_Given data_.
* * *
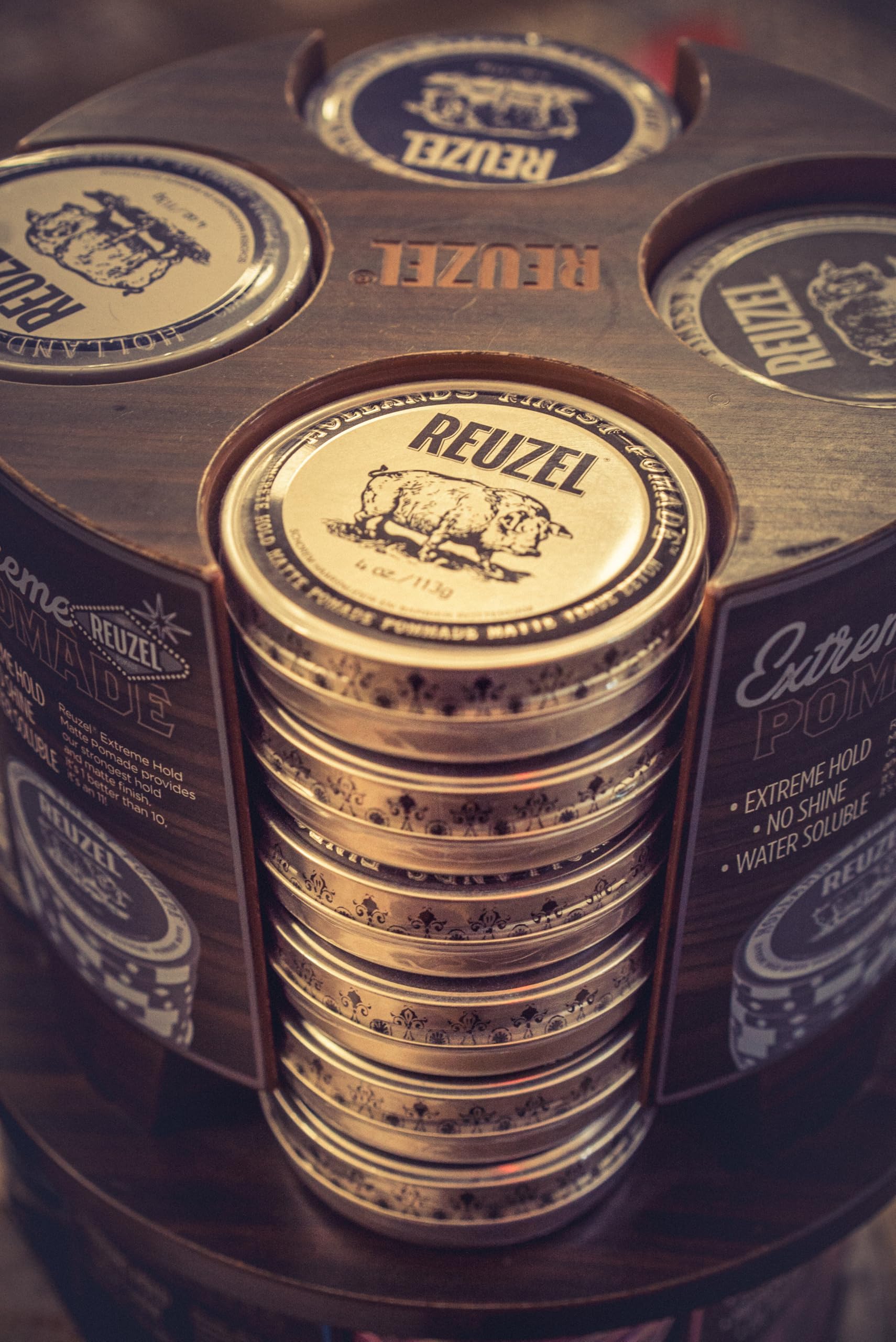 Reuzel Extreme Hold Matte, Strong Hold and Low Shine Pomade 3.38oz/95g, Cream, 95 g (Pack of 1) - Image 4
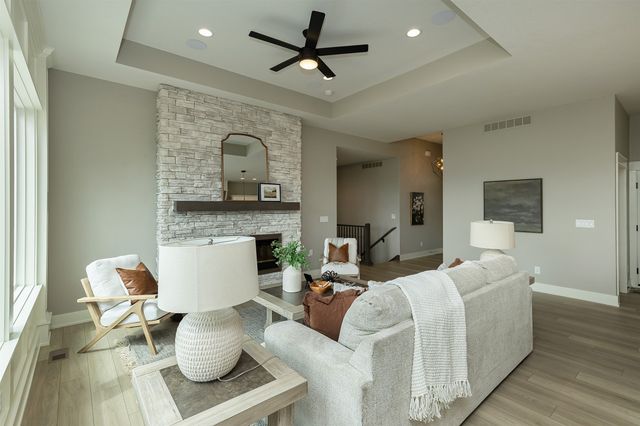 3409 NE 12th Street, Ankeny, IA 50021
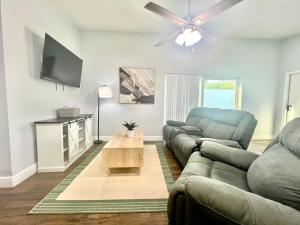 Gallery image of Spacious Convenient 2/2, Perfect for Groups in WPB in West Palm Beach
* * *
_Exercise prompt_.
Exclude all pictures and reproduce verbatim the lines running from the line that contains "3409 NE 12th Street, Ankeny, IA 50021" to the end of the data above, both ends included.

_Your solution_.
 3409 NE 12th Street, Ankeny, IA 50021
 Gallery image of Spacious Convenient 2/2, Perfect for Groups in WPB in West Palm Beach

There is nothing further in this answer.